22. Bölüm

12 2 0
                                    

Oğuz Uygar’dan onay beklemiyordu. Onun için önemli olan Oylum’un bu yola çıkmayı, zorlukları birlikte aşmayı kabul etmesiydi. Oylum belki bu konuşmayı bilirse kabul eder diye heyecanlanmıştı. Ne zaman gelmişti, geldiğinden haberi olmamıştı. Hızlıca alışveriş yapıp eve döndü. Oylumların evinin kapı ve pencereleri kapalı, perdeleri sıkı sıkı örtülüydü. Belli ki evde kimse yoktu. Poşetleri eve taşıdı. Berbere gidip saç sakal tıraşı oldu. İki ay boyunca her gün o balkon kapısını açık görmeyi umdu. Oylum eve dönmeden Atakan ile Kuşadası’na  onun halasının yazlığına gitti . Oğuz’un balkon kapısını açık gördüğündeki sevinci fazla uzun sürmedi. Oylum yine yoktu.  Koca yaz bitiyordu ama o Oylum’u bir kere bile görememişti.

Oylum için de hayat en az onunki kadar zor geçiyordu. Başka bir şehirde, herkesten uzak yaşamak hiç kolay değildi. Teyzesinin yakın bir arkadaşının pansiyonunda tek başına kalıyordu. Ders çalışmak dışında yapabileceği hiçbir şey yoktu. Oğuz’u unutmak için büyük çaba harcıyordu.

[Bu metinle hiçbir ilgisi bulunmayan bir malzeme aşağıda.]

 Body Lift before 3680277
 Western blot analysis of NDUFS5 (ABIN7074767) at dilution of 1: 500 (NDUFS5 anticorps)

Onu görmekten çok korktuğu için evden uzak bir yaz tatili geçirmişti.  Atakan onu üniversiteye dönmesine beş gün kala eve getirdiğinde Oğuz  üniversite kaydı ve kalacak yer bulmak için İstanbul’a gitmişti. Oğuz okula yakın bir yer arıyordu. Yurtların çoğu dolmuştu. Boş olanların fiyatları epey yüksekti. İki binanın tek bahçeye açıldığı bir pansiyondan, sürekli kalacak bir yer bulana kadar bir oda tuttu. Üniversiteye kaydını yaptırdı.

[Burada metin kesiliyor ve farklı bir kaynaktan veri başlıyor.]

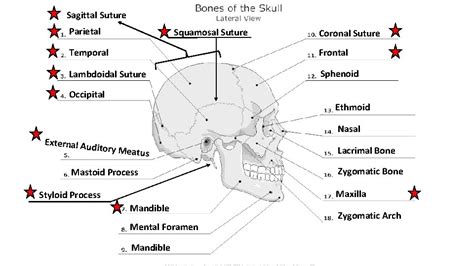 Naming The Bones Sagittal Suture Parietal Squamosal Suture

 Oylum pazar günü öğlen pansiyona vardı.  Valizini boşaltıp eksiklerini almak için çarşıya çıktı. Yemek yapmaya hali kalmadığı için bir yerde oturup karnını doyurdu. Ertesi gün giyeceklerini hazırlayıp erkenden yatıp uyudu. Sabah duş aldı, giyinip çıktı. Fakülte binasının koridorunda sınıf arkadaşlarıyla biraz sohbet edip dersliğe girdi. Ders bitimi binanın önündeki çardakta oturdular. Kaan “kantine gidiyorum, gelen var mı?”

Pelin

“ben gelirim , çok açım. Yurtta ağzıma atacak adam gibi bir şey bulamadım. Erkenciler silip süpürüyor. Oylum sen kahvaltı yaptın mı? “

“yok canım  yapmadım. Canım istemiyor şu anda”

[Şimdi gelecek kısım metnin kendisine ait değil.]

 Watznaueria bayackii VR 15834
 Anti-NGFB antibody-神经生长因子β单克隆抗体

“burda yalnız oturma, gel olmadı bi çay içersin”

“bekliyorum ben “

“sen bilirsin şekerim “

Kaan biraz uzaklaştıktan sonra

“ruh gibi yine “

“evet, değil mi? “

Oylum onlar geldiğinde

“ben lavaboya gideceğim. Bunlar kalsın burada.  Sizde acele edin biraz, ders başlayacak birazdan “

Kaan

“dönme sen hiç, biz getiririz “

“tamam, teşekkür ederim “

Kaan ile Pelin tostlarını yiyip kalktılar. Oylum tuvaletten çıkmış, dersliğe gidiyordu. Pelin

“bende bi elimi ağzımı yıkayayım, sen verirsin bunları Oylum’a “

“hah geliyor o da”

Oylum eşyalarını almadan önce ayakkabısının bağcığını bağlamak için eğildi. Kaan saçlarını tutup yere değmesini engellemek istedi.

“saçların çok güzel Oylum”

“bırakabilirsin “

“ben yere değmesin diye..

Oylum ayağa kalktığında ona kırık bakışlarla bakan Oğuz ile göz göze geldi. Fısıldar gibi “Oğuz “dedi. Oğuz yanından hızla geçip giderken arkasından bakakaldı. “hadi arkadaşlar “ diye seslenen hocanın sesiyle toparlanıp içeri girdi. Hayâl miydi, gerçekten az önce onu mu görmüştü.  Ne kadar da özlemişti.